Re: threaded/forking server and distributed objects
Re: threaded/forking server and distributed objects
- Subject: Re: threaded/forking server and distributed objects
- From: email@hidden
- Date: Thu, 13 Jul 2006 15:35:00 +1000
Sorry to rain on your parade, but forking in a Cocoa app is a big no-
no. Chris Kane explained January last year:
SUBJECT: continuing after fork() (Re: Problems with NSTimer and
NSRunLoop/CFRunLoop)
FROM : Chris Kane
DATE : Wed Jan 12 05:10:46 2005
You cannot continue executing the child process of a fork() for
executables which link with any Apple libraries(*) (directly or
indirectly) and want to use that functionality on the child side of
the
fork(), without a paired execve() in the child. That is, if you want
to fork() and have the child continue to run and use Apple libraries,
the child must execve() and "continue" from main().

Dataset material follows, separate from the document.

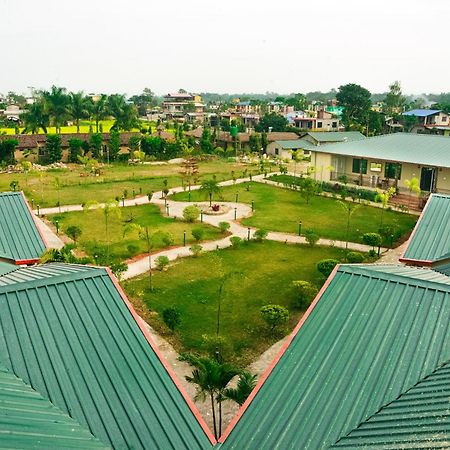 Hotel Greenland Safari Sauraha Exterior photo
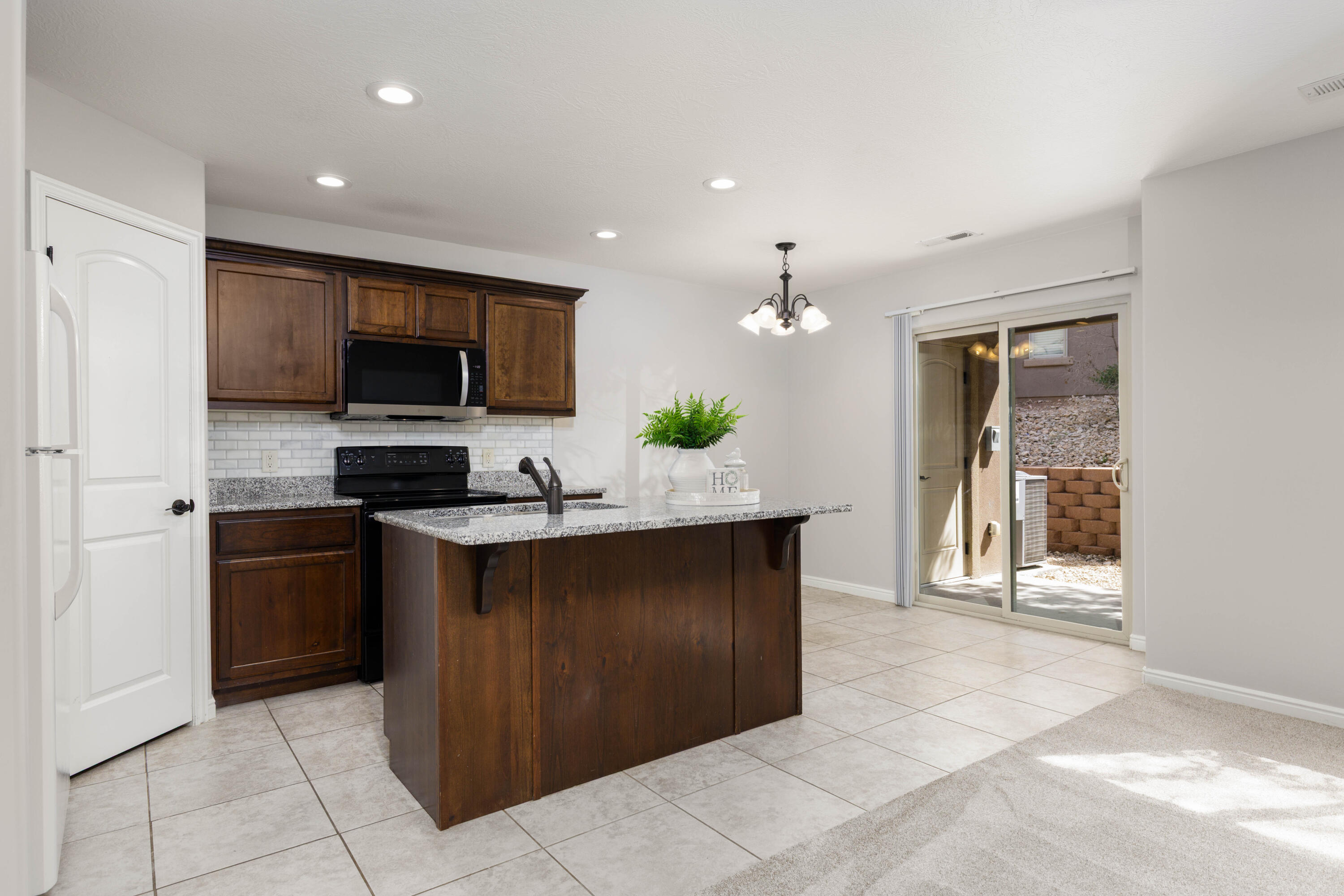 COTTAGES AT FOSSIL HILLS - Residential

The problem is that fork() does not actually replicate all kernel
resources (and perhaps other bits I don't know about) from the parent
process into the child, but it does replicate memory. Thus there can
be code which thinks everything is happy because the memory holding
handles to kernel resources looks like it is initialized and whatnot,
but the kernel resources are missing underneath.
Sprinkling checks all over to see if the resource handle is good "in
case a fork() has happened since the last check" would be laborious
and
in some cases expensive in some hot code paths, when continuing after
fork() is actually not very common. So the checks are left out.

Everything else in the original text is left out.